The Environmental History of Africa

Topic 18 - Africa's environmental future

  1. Africa's environmental future will rest on the outcome of several current trends.

  2. Urbanization: Africa is now the world's most rapidly urbanizing continent. What will urban footprint on African landscapes be?
    1. Had slowest rate of urbanization over the course of the 20th century, but recently has been most rapidly urbanizing world region.
    2. Entitlements to food and resources are concentrated in the city; consistent attraction to new populations.
    3. Critical issue will be the circulation of water and its disposal in urban context. Women in Kinshasa now walk on average over 2 kilometers to the nearest water supply
    4. Water will be an increasingly scarce global resource; Africa's urban settings are adaptation to low water may offer effect examples of local scale water management

  3. Water will also be critically scarce resource in Southern Africa (California model of political struggles between urban industrial and consumer demand over rural uses and natural resource preservation in hinterland
    1. Building of dams for energy and transfer of water (Lesotho Highlands Project).
    2. South Africa will be regional center in terms of power grid and intra-regional movement of water resources.

  4. Intensification of water usage for commercial agriculture will stimulate cross border competition within major watersheds such as the Nile, the Niger, and the Orange rivers.

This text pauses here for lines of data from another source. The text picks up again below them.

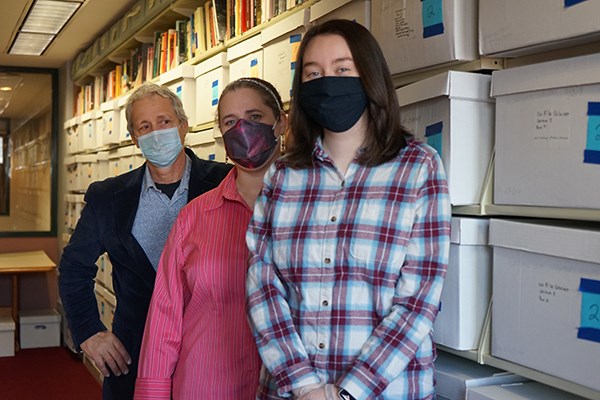 UMass Lowell libraries archivist and head of special collections Anthony "Tony" Sampas, library special collections assistant Carisa Kolias, and history student Brianne Puls in the Kerouac Archives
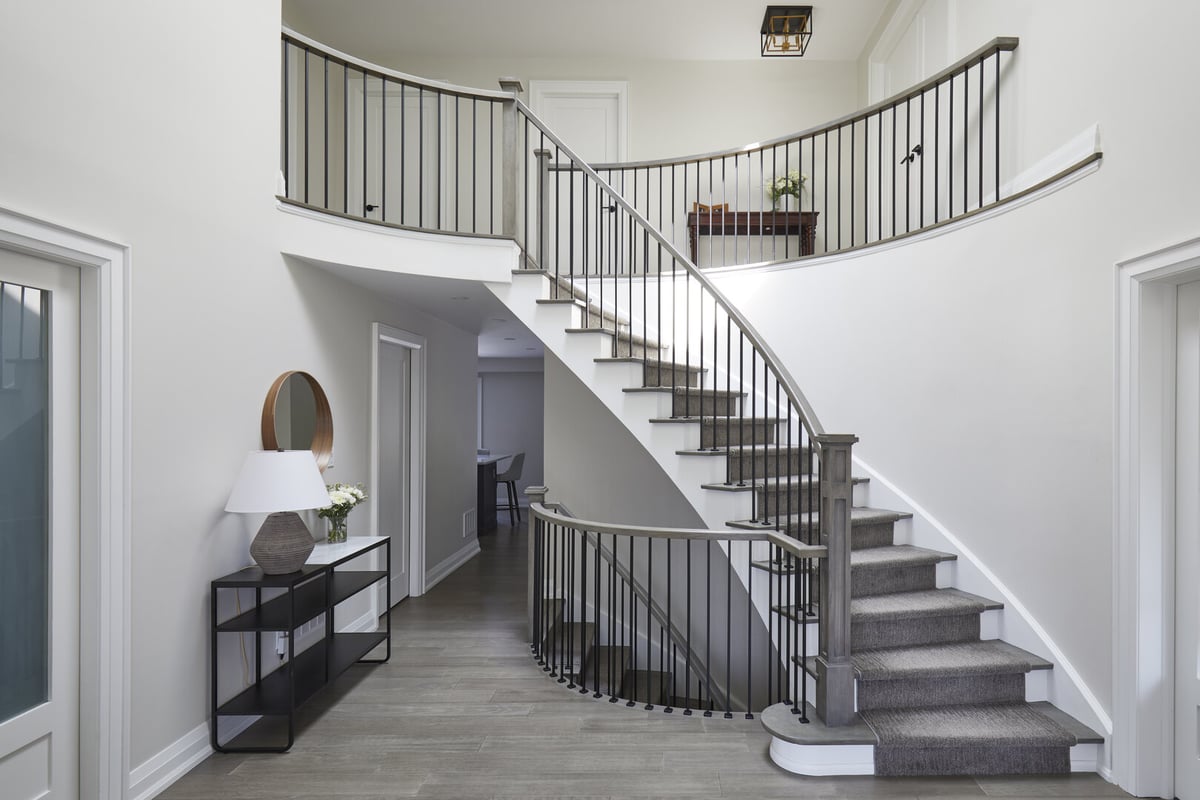 Markham home renovation with curved staircase in foyer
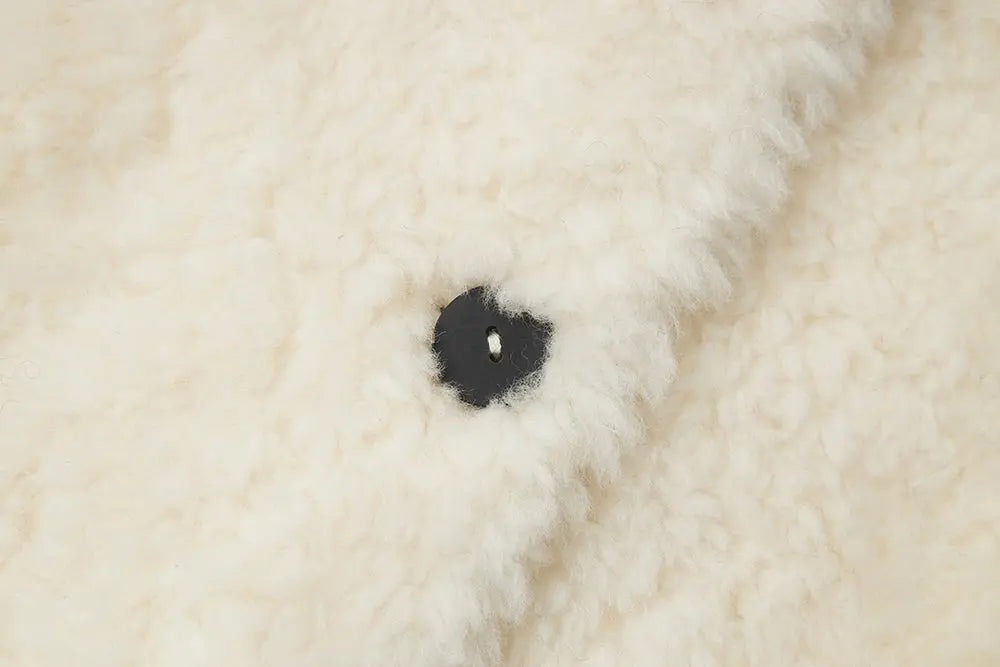 An image of a   44389 Women's Cropped Wool Teddy Jacket by  Mirra Masa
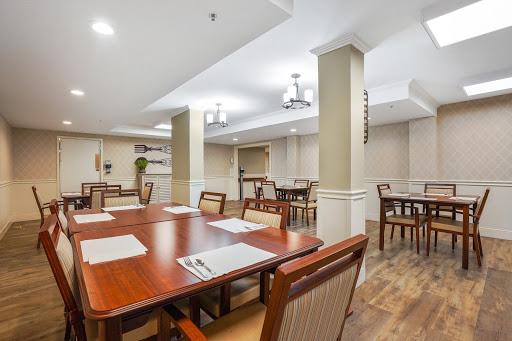 A spacious and modern dining area featuring wooden furniture and ample lighting.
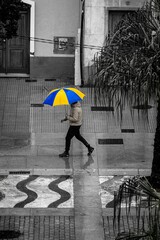 Man walking down a street holding a colorful umbrella.
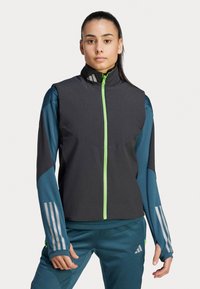 Sportjack met ritssluiting in een zwart en teal ontwerp, met een gestructureerde stof, opvallende verticale lijnen en een felgroene ritsaccent.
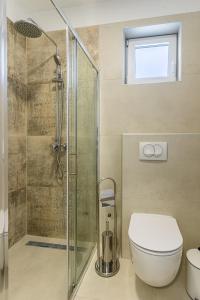 a bathroom with a toilet and a glass shower at BLUE SKY in Cres +11 photos
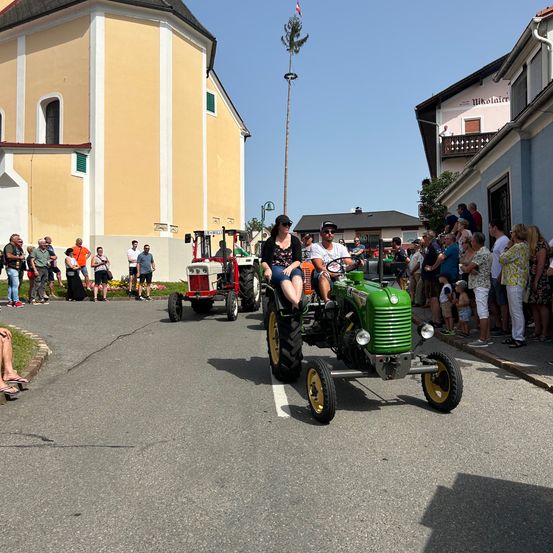Bild enthält, Neighborhood, City, Street, Antique Car, Model T, Vehicle, Person, Wheel, Building, Motorcycle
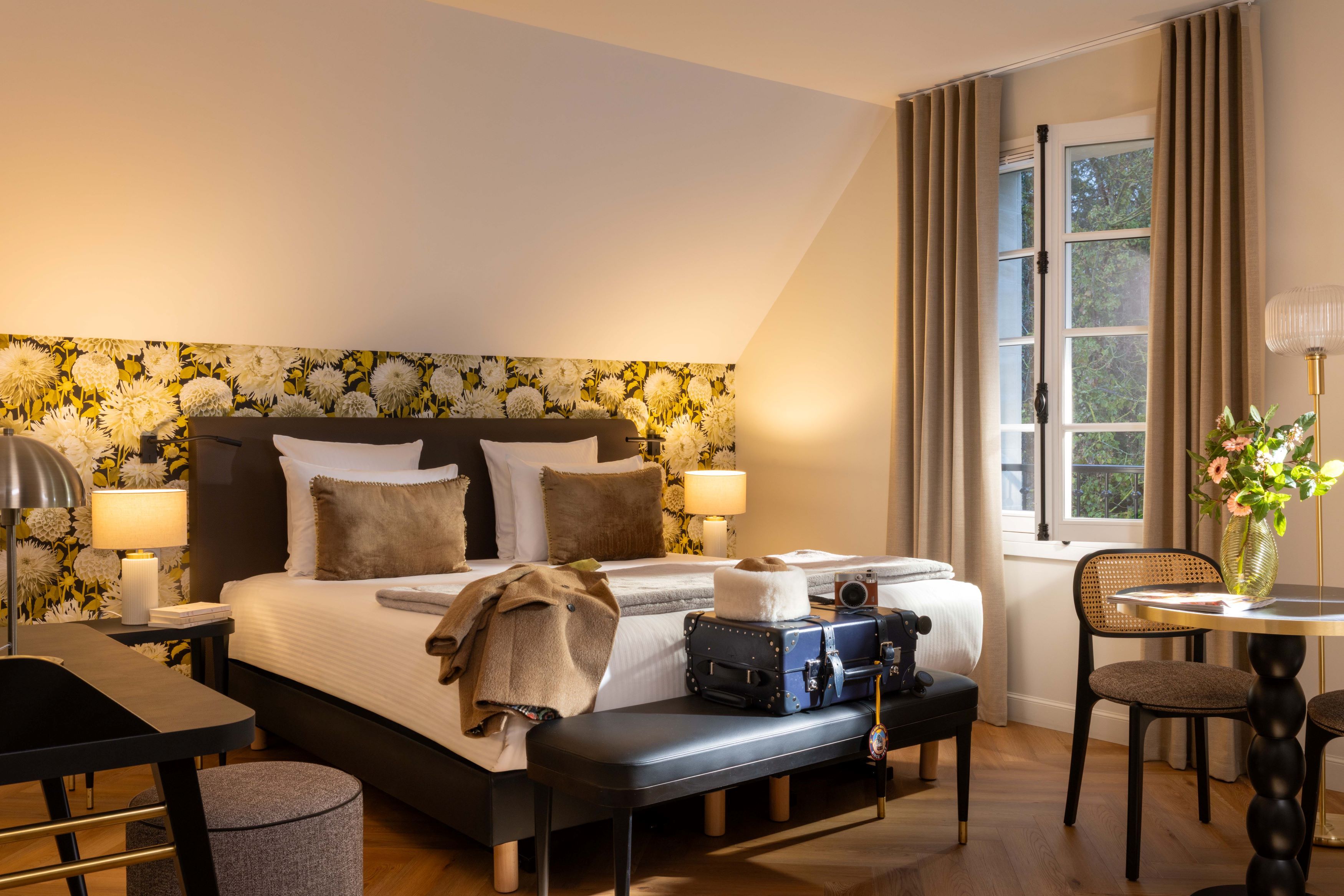 Une chambre d’hôtel avec un grand lit, un bureau, une chaise, une table et une fenêtre avec des rideaux.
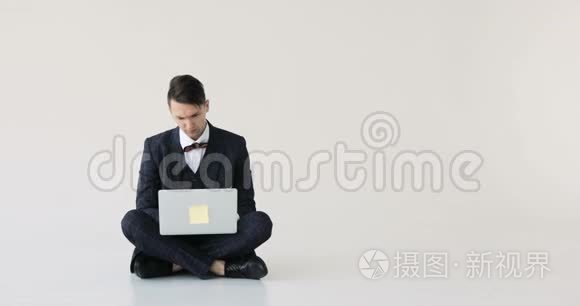 穿西装的时髦商人紧张地在白色背景的笔记本电脑上打字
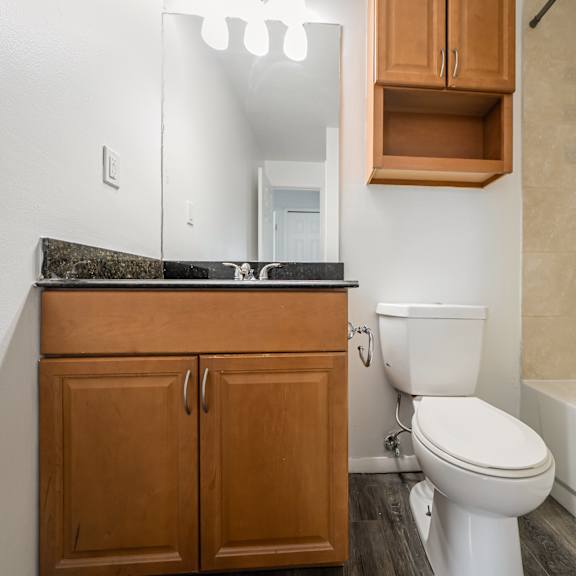 updated bathroom with wood cabinetry, black marble countertops, and stone wall tiles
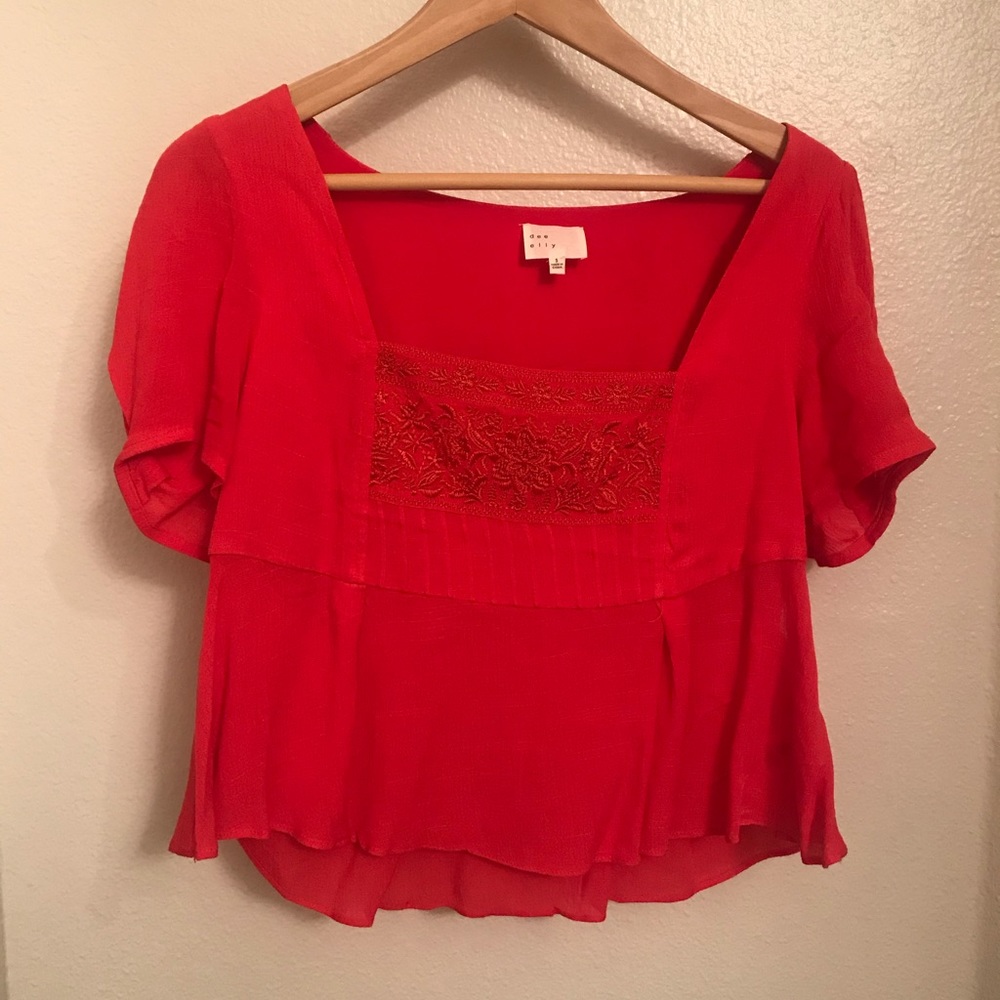 red flowy top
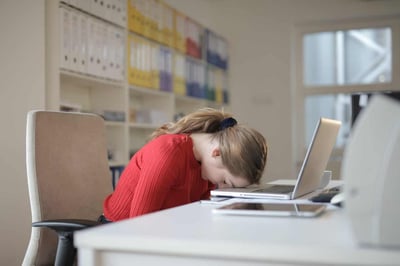 Person with head down on laptop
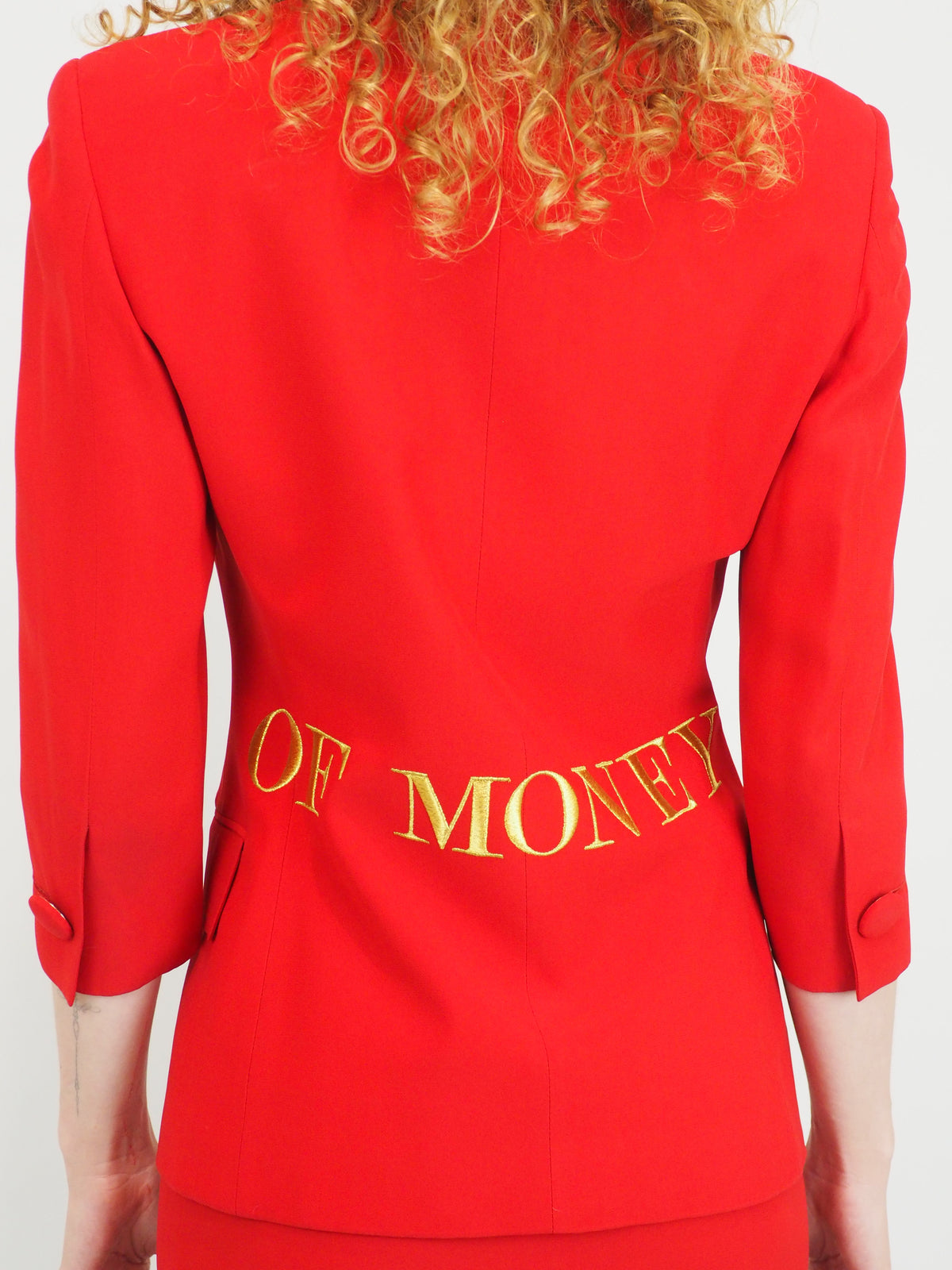 A vintage 1991 moschino bright red two-piece suit with gold lettering reading "waist of money"
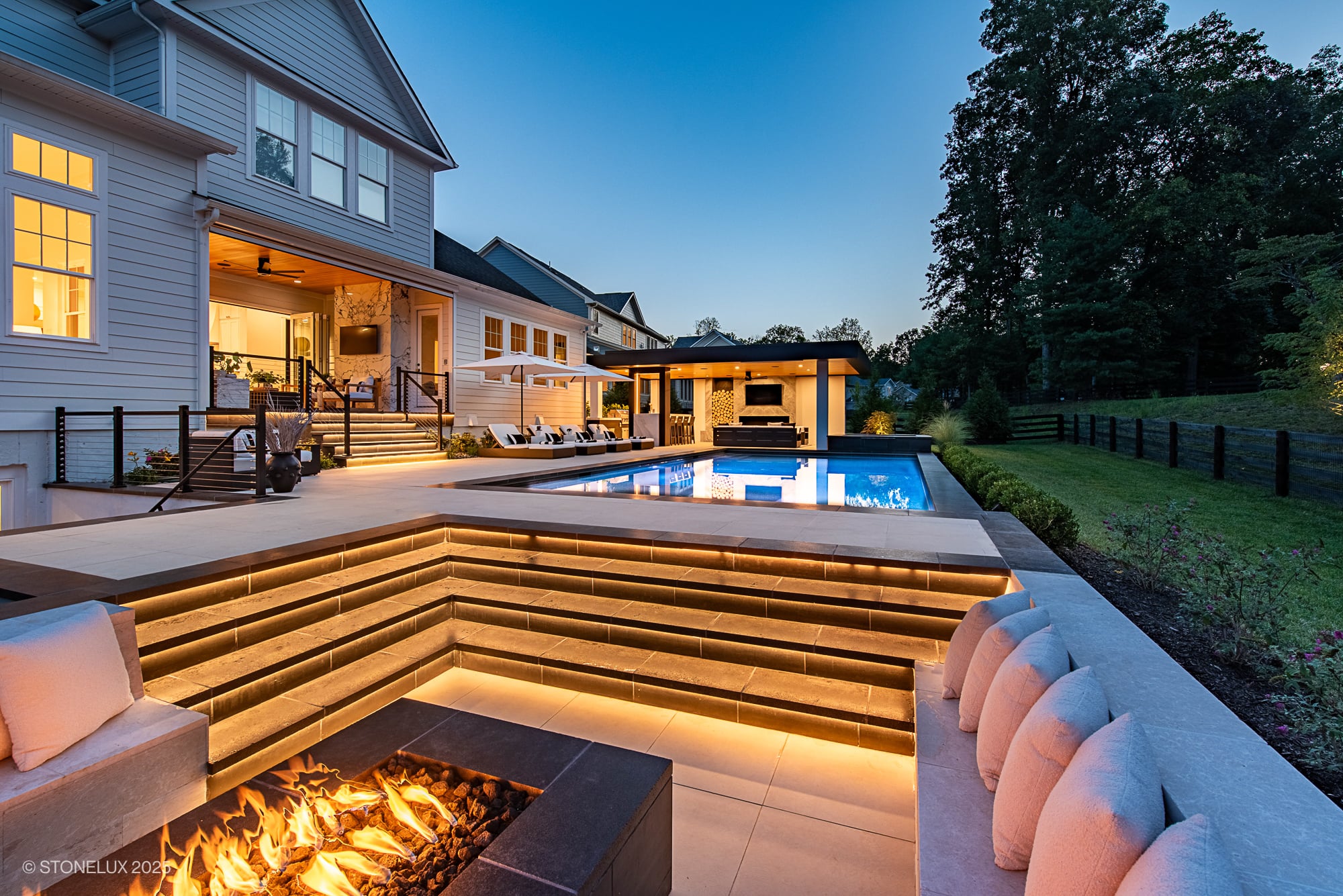 Luxurious modern backyard with pool featuring STONELUX Black Basalt natural stone. The basalt is used for elegant pool coping and steps, accented by warm lighting. The scene includes a fire pit, contemporary outdoor furniture, and lush greenery, creati...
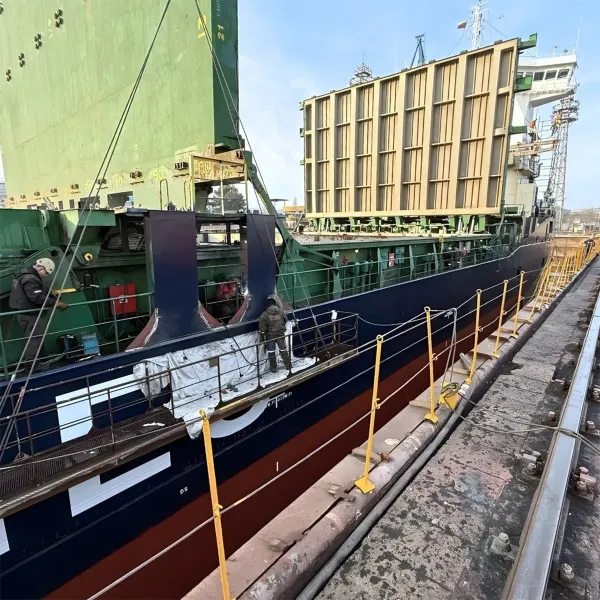 Ship repair team working along the vessel hull during dry dock support
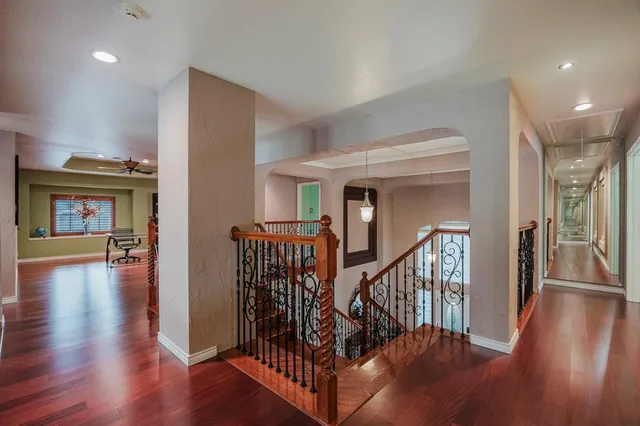 a view of a hallway with wooden floor and windows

Congo river is the least developed.


  5. As water becomes scarce and powerful political forces solidify their access to it, populations with fewer water entitlements (i.e. no access to political and military power) will increasingly occupy marginal lands dependent on rainfed agriculture


  6. Global warming effects are likely to produce less overall rainfall and more erratic seasonal patterns in most areas of Africa, especially more arid zones.


  7. Good news is that African farmers retain significant knowledge about their physical environment and genetic resources.
    1. Can these be protected without domination by international forces of globalization?
    2. African urban settlements have often resulted in good management practices of forest, peri-urban agriculture, etc. by providing a consistent market.
    3. Population growth rates are declining in much of Africa, perhaps as a part of demographic transition where fertility declines as infant mortality rates also decline.

  8. Major cloud on horizon is the environmental effect of AIDS pandemic.
    1. What is effect on smallholder agriculture of reduction in labor by death and morbidity?
    2. How does potential major shift in labor and family structure affect natural resource use in urban and rural areas?
    3. Does changing environmental context (forest, fertility, water use, etc.) change the overall disease environment as it has for malaria, ebola?

  9. We can see elements of a Malthusian future as well as signs of the beneficial effects of population concentration on natural resource management.